==== EXTRACTED ENTRIES ====
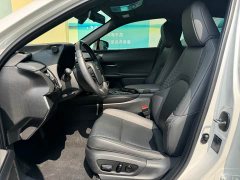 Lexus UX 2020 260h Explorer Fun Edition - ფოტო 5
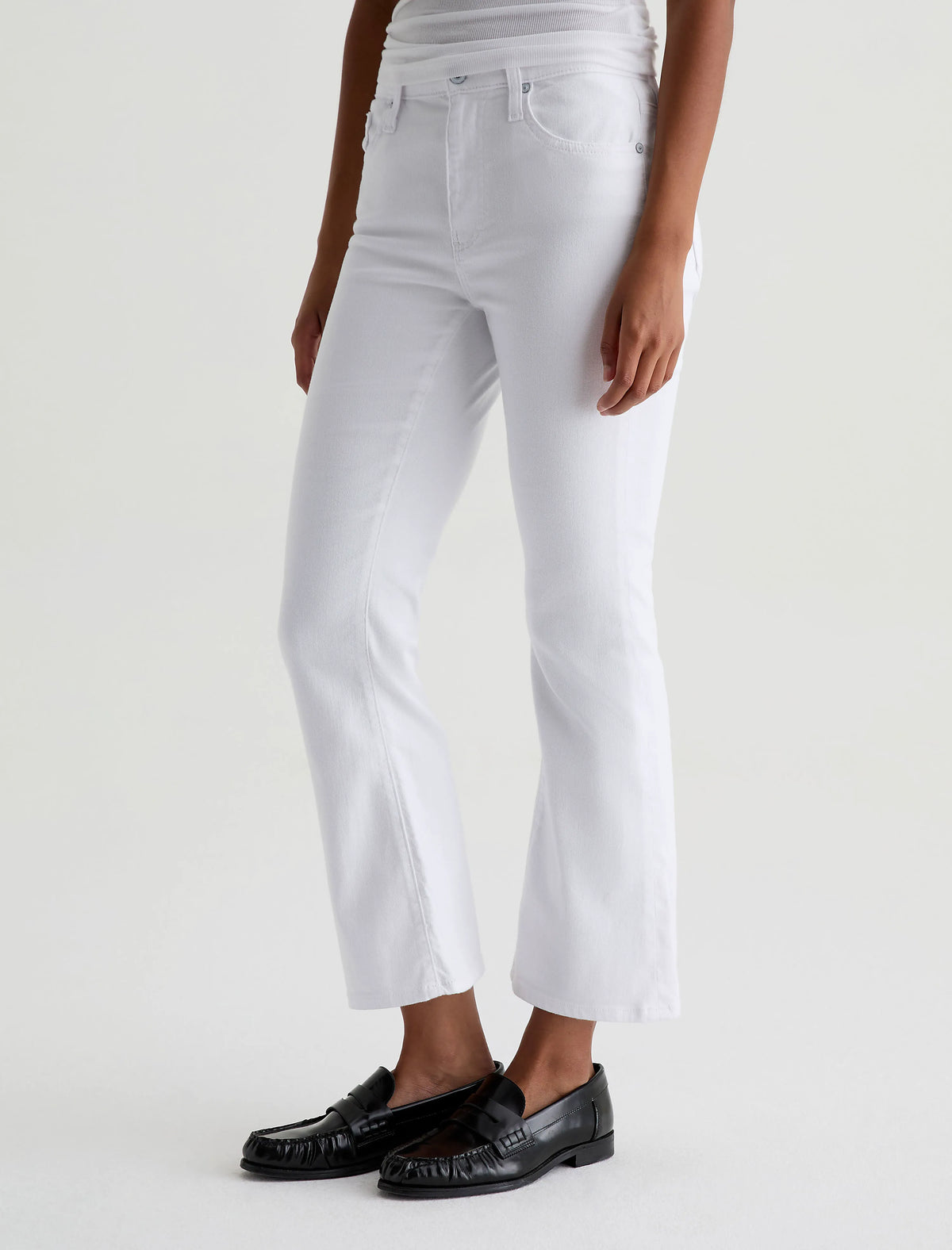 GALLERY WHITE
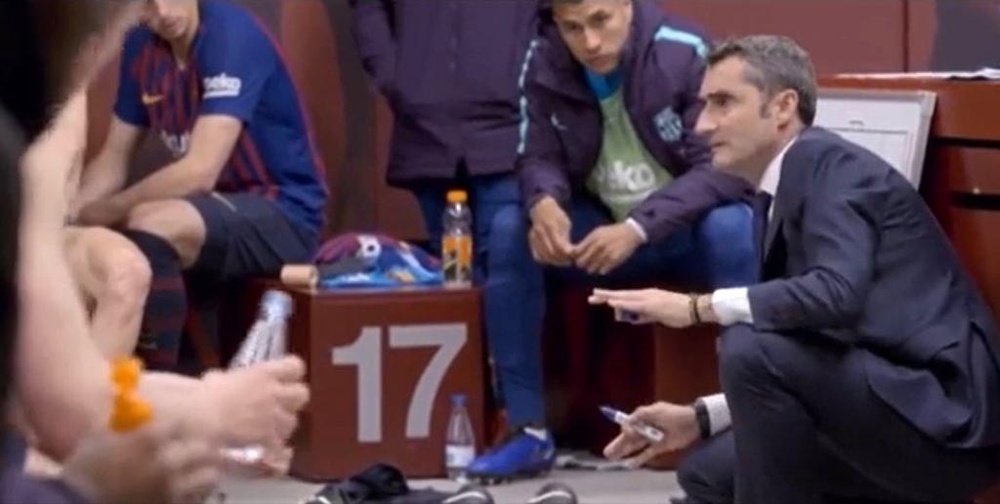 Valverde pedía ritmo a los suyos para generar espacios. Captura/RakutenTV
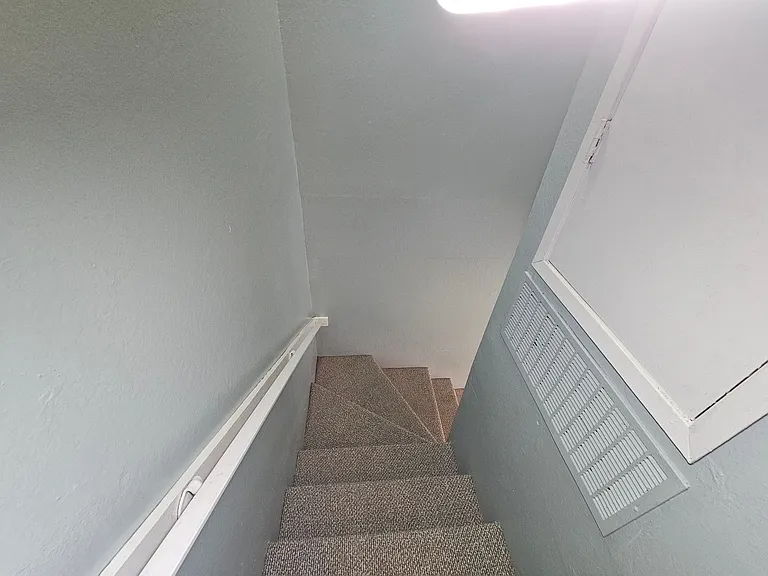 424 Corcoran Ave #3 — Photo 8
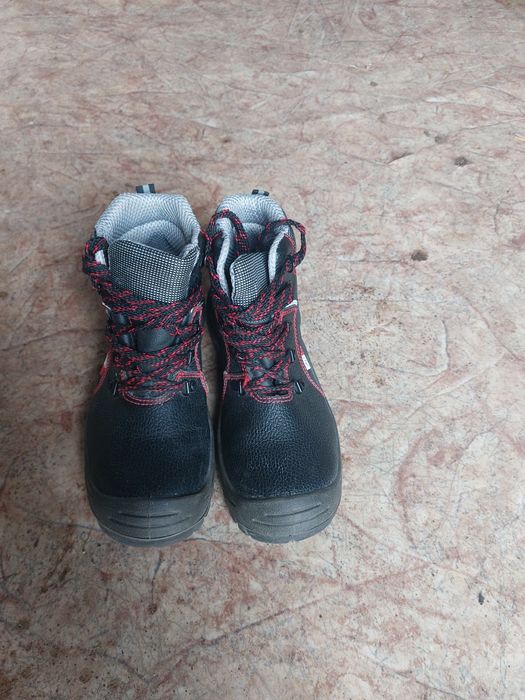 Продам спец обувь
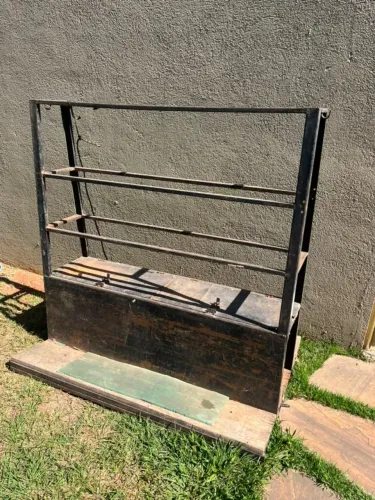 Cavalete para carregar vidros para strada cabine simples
====
EXERCISE.
Could you copy the lines above exactly and skip the images?

THE ANSWER.
 Lexus UX 2020 260h Explorer Fun Edition - ფოტო 5
 GALLERY WHITE
 Valverde pedía ritmo a los suyos para generar espacios. Captura/RakutenTV
 424 Corcoran Ave #3 — Photo 8
 Продам спец обувь
 Cavalete para carregar vidros para strada cabine simples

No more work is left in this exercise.